▸ Task brief
Only one span is wanted from the lines below: from the one with "индика Абаза" up to and including the one with "Boga, pescado, pesca". Copy it exactly, without images.

▸ Input data
□ □ □ □ □

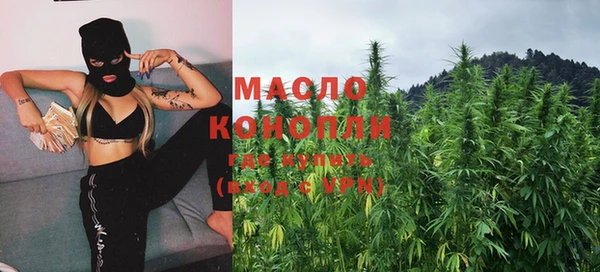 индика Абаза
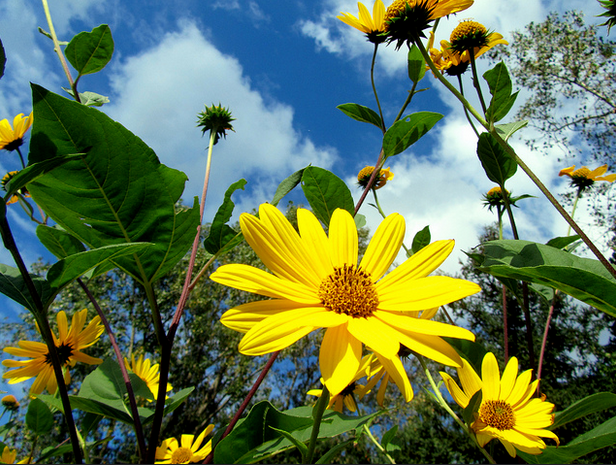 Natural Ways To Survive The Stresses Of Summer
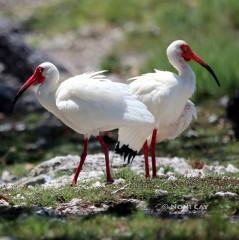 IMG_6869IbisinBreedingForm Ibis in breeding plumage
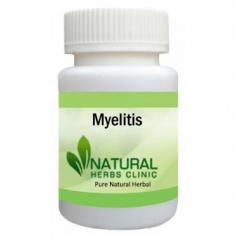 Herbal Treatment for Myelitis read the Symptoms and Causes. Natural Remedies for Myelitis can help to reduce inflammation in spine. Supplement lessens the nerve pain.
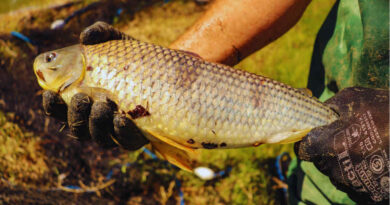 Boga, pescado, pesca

□ □ □ □ □

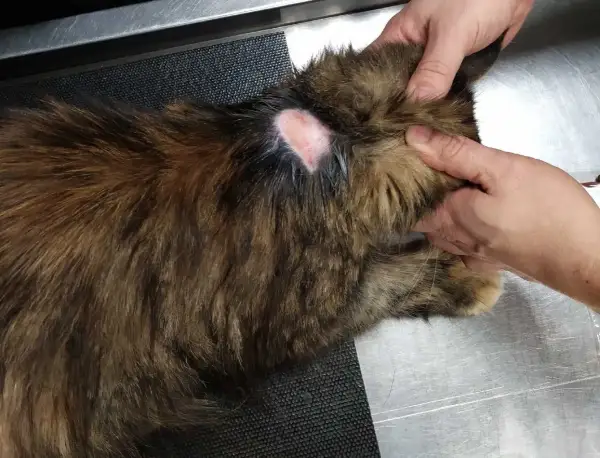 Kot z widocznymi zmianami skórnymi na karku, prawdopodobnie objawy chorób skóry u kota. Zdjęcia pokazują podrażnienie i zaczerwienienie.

□ □ □ □ □

▸ Task answer
 индика Абаза
 Natural Ways To Survive The Stresses Of Summer
 IMG_6869IbisinBreedingForm Ibis in breeding plumage
 Herbal Treatment for Myelitis read the Symptoms and Causes. Natural Remedies for Myelitis can help to reduce inflammation in spine. Supplement lessens the nerve pain.
 Boga, pescado, pesca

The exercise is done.